アンパルの環境調査

アンパルの環境調査

河川の水質、赤土流出防止、外来種による食害の実態を見る。

 6月4日(土)「全国一斉水辺の環境調査」(国土交通省所管)が実施されました。石垣島のおもな河川をいくつかのグループが分担してCOD(化学的酸素要求量)のパックテストと水辺の生き物などを観察しました。「アンパルの自然を守る会」も今年で3回目の調査参加となりました。年1回だけの調査のため確かなことは言えませんが大きな変化はありませんでした。調査地点は6ヶ所でだいたいCOD4という数値でした。
 4月にアンパルとその水系8ヶ所の泥を採取して「水銀」などの重金属の有無を愛媛大学の磯部教授に分析していただきました。今回の分析では重金属は検出されませんでした。しかし5年前にWWFが行ったアンパル水系のノコギリガザミ、ボラの生態調査では水銀が検出されています。この水銀の発生源が何であるかは未だ不明のままですから生態調査を再度実施してみないと今回の調査だけで「安全」だと言いきれません。
 今年は2ヶ所の畑を見せてもらいました。一つはサトウキビの「株出し栽培」で赤土流出を抑える取り組をしている畑です。一般的には春に収穫を終えたサトウキビ畑はその後何度もすき起こしをします。

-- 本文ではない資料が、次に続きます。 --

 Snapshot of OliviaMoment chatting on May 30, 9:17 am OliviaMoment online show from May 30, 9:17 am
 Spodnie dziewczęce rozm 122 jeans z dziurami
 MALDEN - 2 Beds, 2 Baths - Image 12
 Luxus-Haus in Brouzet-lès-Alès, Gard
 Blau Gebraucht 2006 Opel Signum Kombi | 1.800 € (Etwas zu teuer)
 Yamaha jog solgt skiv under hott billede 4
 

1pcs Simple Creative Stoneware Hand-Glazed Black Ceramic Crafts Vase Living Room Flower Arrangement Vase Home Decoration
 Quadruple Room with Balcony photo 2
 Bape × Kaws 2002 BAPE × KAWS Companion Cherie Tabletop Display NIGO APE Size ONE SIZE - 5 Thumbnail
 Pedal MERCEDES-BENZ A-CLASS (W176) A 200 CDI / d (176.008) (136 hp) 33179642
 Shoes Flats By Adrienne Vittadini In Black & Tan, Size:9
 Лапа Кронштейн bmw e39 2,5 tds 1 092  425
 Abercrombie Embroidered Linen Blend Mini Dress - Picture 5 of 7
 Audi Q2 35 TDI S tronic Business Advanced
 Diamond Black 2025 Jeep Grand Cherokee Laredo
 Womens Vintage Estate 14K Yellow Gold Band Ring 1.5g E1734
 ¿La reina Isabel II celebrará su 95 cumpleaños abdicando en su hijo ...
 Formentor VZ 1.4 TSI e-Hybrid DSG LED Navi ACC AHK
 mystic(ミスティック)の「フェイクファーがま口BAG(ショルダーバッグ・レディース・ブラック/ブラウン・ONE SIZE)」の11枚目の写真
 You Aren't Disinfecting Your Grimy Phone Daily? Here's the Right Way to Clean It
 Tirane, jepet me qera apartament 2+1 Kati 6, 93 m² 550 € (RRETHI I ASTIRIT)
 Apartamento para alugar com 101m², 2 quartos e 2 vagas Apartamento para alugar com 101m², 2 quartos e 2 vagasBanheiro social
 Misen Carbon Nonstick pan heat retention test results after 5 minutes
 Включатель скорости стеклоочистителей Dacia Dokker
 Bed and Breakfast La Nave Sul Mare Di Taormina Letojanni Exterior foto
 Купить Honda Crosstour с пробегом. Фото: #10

秋に植え付けをするまで裸地状態が続くためスコールや台風など大雨のたびに表土が流出します。「株出し栽培」をすれば裸地期間がないため表土が流出しにくい利点があります。赤土によるサンゴ礁へのダメージを減らそうと「石西礁湖再生協議会」が民間で集めた募金をもとに補助金を出して「株出し栽培」を増やす取り組みをしています。今回訪れたサトウキビ畑もその一つでした。他方そのごく近くで大型機械を使って畑をすき起こしている畑もありました。
 2つ目に外来種の動物による生態系のかく乱の代表例といえるキジ、クジャクの食害に悩むパイン農家さんを訪問しました。キジ、クジャクは、パインが生長する前の幼い柔らかい実を丸ごと食べてしまっていました。この畑ではキジ、クジャクの食害にあって今期の収穫がゼロに近い状態でした。キジはキジ撃ちを楽しむために狩猟家が持ち込んだものだそうです。石垣島で大繁殖して農家に多大な迷惑をかける存在になっているだけでなくキジ、クジャクは外来種であり石垣島の生態系をかく乱する要因になっています。キジ、クジャク以外にもグリーンイグアナ、オオヒキガエルなども人が持ち込んだ外来種で困りものになっています。

アンパル水系のCOD 6月5日調査
調査地点(COD)
1 浦田原みねや工房東(3)
3 ウガドーガーラ(4)
4 浦田原排水路浦田原橋(4)
5 神田原排水路(4)
6 名蔵川支流の白水川 市水道ポンプ場(4)
7 名蔵川支流の白水川 トウレ橋(4)
8 名蔵川支流のブネラ川 白水橋(4)
9 名蔵川ピイナダ橋、名蔵通し溝(取水関)の下(6)

「アンパルの自然を守る会」の活動記録
◆6月3日 役員会開催
「名蔵大橋と小橋」の間の海岸林の植生調査の方法について普天間明日香さんを講師に招き勉強した。調査の前に石垣島の海岸林の状況を見て歩くことによって海岸林の完成イメージを持つ必要があるということで「海岸林ツアー」を行うことを決めた。この事業は「アンパル保全協議会」で取り組む必要があることも確認した。
◆6月4日
全国一斉水辺の環境調査のアンパル水系の水質調査と環境調査を実施した。参加人数16人。
◆6月27日
広報紙「アンパルヌミダガーマ通信」第10号を発行した。掲載記事は名蔵小中学校のアンパル探検、アンパル周辺の清掃活動、キバウミニナの調査など。